18 June 2007

End Of History

I haven't read the book; I have only been reading about it. Since it came out in 1992 it has been hailed as a "post-Cold War classic", even by those who disagree with it and by those who like to think they have penned similar 'classics' (such as Samuel Huntington and Thomas Friedman).

My knowledge of the book till now rested only on the reviews I had read. All of them had merely talked about the central thesis of the book - that human history has come to an 'end', with democracy and free market as the supreme political and economic systems. Recently I read the essay that gave birth to the book and the introduction to the book. I was astounded to find out that the reviews had forgotten to mention a very basic point - that Fukuyama's entire argument rests on Hegel's theory of history. The good professor is a Hegelian!

I am still coming to terms with this. A book based on GWF's philosophy becomes a bestseller in America? Since when did German idealism become cool in the English speaking world?

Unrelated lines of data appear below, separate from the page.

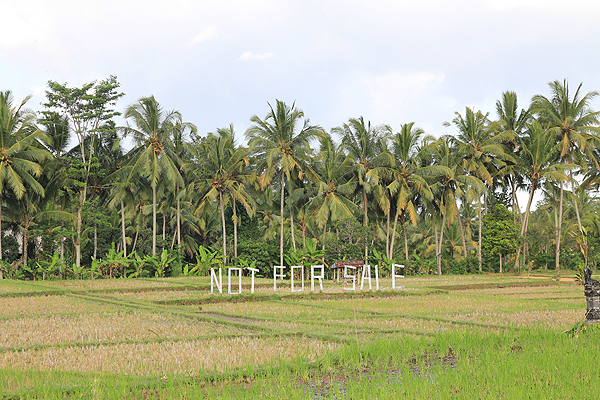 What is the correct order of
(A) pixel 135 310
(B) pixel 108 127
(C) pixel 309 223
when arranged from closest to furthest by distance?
1. (A) pixel 135 310
2. (B) pixel 108 127
3. (C) pixel 309 223

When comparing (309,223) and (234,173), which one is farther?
(309,223)

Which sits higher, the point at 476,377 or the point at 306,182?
the point at 306,182

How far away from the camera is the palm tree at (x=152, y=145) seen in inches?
957

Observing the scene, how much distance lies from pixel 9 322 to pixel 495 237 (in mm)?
24815

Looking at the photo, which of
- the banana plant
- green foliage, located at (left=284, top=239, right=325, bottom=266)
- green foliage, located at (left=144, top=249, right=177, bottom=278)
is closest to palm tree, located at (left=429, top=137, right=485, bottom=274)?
green foliage, located at (left=284, top=239, right=325, bottom=266)

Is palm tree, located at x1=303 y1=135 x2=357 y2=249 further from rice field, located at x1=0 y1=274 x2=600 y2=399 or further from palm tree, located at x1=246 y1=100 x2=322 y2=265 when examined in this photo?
rice field, located at x1=0 y1=274 x2=600 y2=399

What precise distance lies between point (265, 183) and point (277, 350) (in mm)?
19019

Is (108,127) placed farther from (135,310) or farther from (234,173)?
(135,310)

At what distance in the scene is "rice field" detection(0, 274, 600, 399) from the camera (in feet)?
14.0

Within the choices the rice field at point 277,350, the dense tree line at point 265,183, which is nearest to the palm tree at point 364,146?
the dense tree line at point 265,183

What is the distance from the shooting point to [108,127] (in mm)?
24438

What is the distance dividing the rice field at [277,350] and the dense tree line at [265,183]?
11.0 m

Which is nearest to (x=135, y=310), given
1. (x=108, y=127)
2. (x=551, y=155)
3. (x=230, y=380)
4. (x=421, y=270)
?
(x=230, y=380)

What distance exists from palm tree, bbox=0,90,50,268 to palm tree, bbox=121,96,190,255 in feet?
13.8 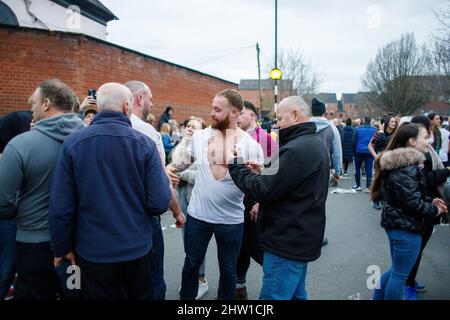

Anyway, has history really come to an 'end'? I don't have the qualifications or the knowledge needed to tear this theory apart. Wiser men have done it. I would only say that it is arrogant and presumptuous to think we have ended history. Every generation must have felt the same way - that they had ended history by evolving the perfect political, economic and social systems, with no 'contradictions' left to 'resolve'. A man like Fukuyama would have written a book like this even if he had lived in 4th century Pataliputra, 7th century Xian or 19th century London. And yet, history keeps marching.